- Opening Delimiter -

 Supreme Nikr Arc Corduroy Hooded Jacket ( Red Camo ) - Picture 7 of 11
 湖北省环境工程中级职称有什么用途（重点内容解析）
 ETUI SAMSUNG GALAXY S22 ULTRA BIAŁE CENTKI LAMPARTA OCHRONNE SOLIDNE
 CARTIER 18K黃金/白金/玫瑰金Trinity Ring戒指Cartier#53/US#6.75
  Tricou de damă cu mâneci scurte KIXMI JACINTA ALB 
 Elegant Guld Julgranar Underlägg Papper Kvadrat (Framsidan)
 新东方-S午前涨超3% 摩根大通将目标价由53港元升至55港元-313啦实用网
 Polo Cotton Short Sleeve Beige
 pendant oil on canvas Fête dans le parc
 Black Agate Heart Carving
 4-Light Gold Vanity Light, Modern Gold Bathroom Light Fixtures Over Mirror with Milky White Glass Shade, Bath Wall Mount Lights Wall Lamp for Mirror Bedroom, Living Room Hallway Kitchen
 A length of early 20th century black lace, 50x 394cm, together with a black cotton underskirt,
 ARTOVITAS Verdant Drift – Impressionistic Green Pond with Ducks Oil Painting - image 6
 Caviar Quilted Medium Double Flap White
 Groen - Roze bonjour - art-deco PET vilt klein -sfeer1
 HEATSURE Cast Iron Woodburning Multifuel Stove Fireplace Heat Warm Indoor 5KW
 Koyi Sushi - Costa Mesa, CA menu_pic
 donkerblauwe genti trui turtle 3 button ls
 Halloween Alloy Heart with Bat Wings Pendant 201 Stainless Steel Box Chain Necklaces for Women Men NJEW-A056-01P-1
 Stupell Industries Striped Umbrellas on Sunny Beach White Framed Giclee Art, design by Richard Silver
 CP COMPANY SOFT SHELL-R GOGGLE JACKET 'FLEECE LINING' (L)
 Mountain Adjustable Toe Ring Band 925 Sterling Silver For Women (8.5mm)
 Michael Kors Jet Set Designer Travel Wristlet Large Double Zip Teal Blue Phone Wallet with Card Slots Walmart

- Closing Delimiter -

▸ **AIM OF THE EXERCISE**:
Every line of the records that includes the word "with" should be gathered.

▸ **ANSWER TO THIS TASK**:
 4-Light Gold Vanity Light, Modern Gold Bathroom Light Fixtures Over Mirror with Milky White Glass Shade, Bath Wall Mount Lights Wall Lamp for Mirror Bedroom, Living Room Hallway Kitchen
 A length of early 20th century black lace, 50x 394cm, together with a black cotton underskirt,
 ARTOVITAS Verdant Drift – Impressionistic Green Pond with Ducks Oil Painting - image 6
 Halloween Alloy Heart with Bat Wings Pendant 201 Stainless Steel Box Chain Necklaces for Women Men NJEW-A056-01P-1
 Michael Kors Jet Set Designer Travel Wristlet Large Double Zip Teal Blue Phone Wallet with Card Slots Walmart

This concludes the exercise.